What the task asks: From the records below, copy out exactly the lines from the one containing "Collapsible portable telescopic" to the one containing "Pore-purifying peel-off mask", both included. Add nothing else.

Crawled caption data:

-- -- --

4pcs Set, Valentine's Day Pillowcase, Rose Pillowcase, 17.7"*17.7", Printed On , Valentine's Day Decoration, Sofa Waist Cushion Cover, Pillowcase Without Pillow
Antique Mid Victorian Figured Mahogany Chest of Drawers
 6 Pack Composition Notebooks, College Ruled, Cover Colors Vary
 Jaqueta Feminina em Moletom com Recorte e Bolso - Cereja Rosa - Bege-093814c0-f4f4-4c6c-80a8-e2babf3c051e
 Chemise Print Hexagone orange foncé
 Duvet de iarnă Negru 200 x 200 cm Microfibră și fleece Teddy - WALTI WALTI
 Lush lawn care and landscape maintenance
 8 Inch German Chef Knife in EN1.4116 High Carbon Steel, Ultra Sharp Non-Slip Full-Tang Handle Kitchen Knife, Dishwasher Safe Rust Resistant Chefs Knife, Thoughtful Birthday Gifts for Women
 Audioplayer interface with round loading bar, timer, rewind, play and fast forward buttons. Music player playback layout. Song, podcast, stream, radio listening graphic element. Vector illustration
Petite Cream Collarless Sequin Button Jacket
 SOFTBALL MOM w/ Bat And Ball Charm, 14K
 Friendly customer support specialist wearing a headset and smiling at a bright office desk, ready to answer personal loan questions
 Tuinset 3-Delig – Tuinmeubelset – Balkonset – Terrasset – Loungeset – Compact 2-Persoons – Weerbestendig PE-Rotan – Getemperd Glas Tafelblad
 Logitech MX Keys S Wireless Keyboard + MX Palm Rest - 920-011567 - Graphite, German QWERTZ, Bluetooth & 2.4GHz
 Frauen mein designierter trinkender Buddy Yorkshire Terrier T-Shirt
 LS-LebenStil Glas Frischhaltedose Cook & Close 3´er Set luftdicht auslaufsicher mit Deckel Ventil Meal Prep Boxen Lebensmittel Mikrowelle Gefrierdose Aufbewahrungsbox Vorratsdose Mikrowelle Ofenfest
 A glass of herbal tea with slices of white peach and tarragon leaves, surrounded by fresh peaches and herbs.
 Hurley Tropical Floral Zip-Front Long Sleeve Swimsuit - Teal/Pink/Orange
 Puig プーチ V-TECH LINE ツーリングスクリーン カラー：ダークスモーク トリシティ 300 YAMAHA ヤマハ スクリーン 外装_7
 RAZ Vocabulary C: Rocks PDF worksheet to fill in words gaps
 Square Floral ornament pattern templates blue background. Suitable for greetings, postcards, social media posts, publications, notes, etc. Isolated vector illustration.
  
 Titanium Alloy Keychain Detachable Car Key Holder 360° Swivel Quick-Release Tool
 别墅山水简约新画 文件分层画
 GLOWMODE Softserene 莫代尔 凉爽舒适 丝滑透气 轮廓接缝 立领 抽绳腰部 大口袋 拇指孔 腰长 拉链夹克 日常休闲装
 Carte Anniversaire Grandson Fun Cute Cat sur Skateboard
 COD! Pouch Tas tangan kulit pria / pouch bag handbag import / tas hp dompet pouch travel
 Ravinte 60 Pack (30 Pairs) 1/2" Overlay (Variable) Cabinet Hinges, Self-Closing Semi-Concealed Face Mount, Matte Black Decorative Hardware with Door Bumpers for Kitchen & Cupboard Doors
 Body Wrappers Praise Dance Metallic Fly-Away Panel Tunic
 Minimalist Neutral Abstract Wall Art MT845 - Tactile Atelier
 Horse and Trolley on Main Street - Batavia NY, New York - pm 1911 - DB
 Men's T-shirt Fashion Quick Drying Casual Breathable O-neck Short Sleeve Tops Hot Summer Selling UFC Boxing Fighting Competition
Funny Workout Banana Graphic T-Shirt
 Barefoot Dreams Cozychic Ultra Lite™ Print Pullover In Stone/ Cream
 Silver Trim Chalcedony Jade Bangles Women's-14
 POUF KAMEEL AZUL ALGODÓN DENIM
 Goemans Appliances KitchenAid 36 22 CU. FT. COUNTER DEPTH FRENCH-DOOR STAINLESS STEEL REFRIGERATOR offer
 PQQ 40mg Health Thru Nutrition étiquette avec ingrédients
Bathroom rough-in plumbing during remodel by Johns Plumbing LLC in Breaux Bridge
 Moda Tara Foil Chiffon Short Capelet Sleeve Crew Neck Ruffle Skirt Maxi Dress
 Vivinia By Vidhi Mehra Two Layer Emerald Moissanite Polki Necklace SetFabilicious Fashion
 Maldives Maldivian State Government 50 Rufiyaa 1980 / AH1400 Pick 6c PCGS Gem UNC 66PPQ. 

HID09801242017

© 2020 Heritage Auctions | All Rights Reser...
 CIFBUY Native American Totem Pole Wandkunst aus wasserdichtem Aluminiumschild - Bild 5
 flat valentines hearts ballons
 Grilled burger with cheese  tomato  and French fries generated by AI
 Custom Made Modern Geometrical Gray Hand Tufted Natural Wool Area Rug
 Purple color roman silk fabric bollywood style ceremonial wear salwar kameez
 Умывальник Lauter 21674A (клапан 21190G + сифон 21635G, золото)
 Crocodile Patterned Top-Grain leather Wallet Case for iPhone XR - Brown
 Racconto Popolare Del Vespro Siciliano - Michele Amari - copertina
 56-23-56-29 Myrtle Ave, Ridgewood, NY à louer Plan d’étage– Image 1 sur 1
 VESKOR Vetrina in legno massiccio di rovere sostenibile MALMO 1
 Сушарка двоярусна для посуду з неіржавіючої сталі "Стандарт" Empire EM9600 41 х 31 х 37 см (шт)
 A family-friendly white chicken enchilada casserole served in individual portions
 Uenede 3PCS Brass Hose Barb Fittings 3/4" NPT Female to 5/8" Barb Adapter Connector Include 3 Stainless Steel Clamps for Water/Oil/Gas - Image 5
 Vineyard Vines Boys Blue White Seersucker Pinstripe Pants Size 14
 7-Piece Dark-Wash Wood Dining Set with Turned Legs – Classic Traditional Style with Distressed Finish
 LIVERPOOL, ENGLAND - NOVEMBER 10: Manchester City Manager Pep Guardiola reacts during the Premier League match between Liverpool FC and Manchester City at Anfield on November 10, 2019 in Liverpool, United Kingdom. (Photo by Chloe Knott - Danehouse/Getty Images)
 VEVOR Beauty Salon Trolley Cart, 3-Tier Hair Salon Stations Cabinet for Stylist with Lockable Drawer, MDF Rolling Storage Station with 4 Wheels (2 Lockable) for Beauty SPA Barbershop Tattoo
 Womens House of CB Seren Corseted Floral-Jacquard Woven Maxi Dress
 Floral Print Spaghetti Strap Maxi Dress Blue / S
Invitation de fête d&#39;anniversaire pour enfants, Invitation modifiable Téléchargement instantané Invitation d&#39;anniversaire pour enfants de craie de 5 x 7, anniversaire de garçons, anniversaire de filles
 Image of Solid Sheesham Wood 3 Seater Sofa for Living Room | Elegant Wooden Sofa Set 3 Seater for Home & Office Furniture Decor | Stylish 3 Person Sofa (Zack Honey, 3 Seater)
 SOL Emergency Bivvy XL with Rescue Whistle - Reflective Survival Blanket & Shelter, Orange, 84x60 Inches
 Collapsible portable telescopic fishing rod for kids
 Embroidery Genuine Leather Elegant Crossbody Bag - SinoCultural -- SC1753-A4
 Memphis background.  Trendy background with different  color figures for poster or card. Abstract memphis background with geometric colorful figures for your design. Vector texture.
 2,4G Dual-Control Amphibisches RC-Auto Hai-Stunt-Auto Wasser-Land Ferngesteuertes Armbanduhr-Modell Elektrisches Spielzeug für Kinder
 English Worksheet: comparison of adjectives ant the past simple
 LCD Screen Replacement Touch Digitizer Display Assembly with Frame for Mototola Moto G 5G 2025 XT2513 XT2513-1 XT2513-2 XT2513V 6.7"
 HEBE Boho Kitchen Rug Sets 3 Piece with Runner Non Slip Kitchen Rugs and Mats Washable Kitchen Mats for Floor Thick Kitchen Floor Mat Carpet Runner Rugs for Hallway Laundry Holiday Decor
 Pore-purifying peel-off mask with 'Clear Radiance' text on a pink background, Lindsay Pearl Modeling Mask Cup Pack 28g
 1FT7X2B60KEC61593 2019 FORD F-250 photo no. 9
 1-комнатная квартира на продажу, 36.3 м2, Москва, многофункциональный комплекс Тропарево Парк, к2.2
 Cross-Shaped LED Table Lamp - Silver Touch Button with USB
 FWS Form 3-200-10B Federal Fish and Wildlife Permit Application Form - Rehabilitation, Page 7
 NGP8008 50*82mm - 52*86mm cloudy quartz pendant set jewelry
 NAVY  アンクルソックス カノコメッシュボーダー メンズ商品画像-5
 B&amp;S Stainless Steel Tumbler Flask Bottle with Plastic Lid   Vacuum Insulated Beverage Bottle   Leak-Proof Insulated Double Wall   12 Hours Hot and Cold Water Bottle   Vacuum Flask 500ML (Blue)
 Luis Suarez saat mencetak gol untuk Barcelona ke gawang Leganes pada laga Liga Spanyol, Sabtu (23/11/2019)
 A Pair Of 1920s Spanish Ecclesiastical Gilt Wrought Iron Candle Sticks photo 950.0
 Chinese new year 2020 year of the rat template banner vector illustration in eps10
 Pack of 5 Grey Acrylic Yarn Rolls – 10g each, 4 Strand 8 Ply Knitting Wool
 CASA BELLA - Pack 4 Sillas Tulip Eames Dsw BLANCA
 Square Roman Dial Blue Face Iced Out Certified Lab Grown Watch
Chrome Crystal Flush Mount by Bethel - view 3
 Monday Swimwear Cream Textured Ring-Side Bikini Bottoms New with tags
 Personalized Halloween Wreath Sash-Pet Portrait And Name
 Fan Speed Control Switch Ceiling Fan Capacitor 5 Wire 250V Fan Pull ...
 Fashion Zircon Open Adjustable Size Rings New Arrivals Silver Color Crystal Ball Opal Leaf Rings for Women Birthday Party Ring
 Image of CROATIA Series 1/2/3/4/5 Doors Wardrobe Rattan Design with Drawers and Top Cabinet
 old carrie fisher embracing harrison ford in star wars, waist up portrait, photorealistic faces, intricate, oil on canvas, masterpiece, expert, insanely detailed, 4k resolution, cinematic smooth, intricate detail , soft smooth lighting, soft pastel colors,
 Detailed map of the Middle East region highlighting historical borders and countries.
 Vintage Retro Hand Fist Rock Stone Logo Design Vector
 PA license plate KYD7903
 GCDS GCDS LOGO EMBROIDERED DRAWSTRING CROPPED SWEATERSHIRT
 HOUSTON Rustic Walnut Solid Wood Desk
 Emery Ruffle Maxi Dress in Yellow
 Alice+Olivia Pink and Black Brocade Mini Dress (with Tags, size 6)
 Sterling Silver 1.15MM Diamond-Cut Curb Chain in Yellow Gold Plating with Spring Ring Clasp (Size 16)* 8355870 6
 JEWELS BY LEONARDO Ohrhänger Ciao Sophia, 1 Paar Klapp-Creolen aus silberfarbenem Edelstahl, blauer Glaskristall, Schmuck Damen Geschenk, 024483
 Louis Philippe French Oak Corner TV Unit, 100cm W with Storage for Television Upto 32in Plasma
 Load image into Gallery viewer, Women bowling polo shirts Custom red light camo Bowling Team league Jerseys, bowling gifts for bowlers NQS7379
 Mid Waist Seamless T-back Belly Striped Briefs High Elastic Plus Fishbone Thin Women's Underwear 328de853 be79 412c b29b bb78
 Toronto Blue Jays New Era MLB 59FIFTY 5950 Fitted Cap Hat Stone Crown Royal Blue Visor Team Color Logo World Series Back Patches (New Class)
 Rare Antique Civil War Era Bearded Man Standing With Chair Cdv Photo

-- -- --

Finished exercise:
 Collapsible portable telescopic fishing rod for kids
 Embroidery Genuine Leather Elegant Crossbody Bag - SinoCultural -- SC1753-A4
 Memphis background.  Trendy background with different  color figures for poster or card. Abstract memphis background with geometric colorful figures for your design. Vector texture.
 2,4G Dual-Control Amphibisches RC-Auto Hai-Stunt-Auto Wasser-Land Ferngesteuertes Armbanduhr-Modell Elektrisches Spielzeug für Kinder
 English Worksheet: comparison of adjectives ant the past simple
 LCD Screen Replacement Touch Digitizer Display Assembly with Frame for Mototola Moto G 5G 2025 XT2513 XT2513-1 XT2513-2 XT2513V 6.7"
 HEBE Boho Kitchen Rug Sets 3 Piece with Runner Non Slip Kitchen Rugs and Mats Washable Kitchen Mats for Floor Thick Kitchen Floor Mat Carpet Runner Rugs for Hallway Laundry Holiday Decor
 Pore-purifying peel-off mask with 'Clear Radiance' text on a pink background, Lindsay Pearl Modeling Mask Cup Pack 28g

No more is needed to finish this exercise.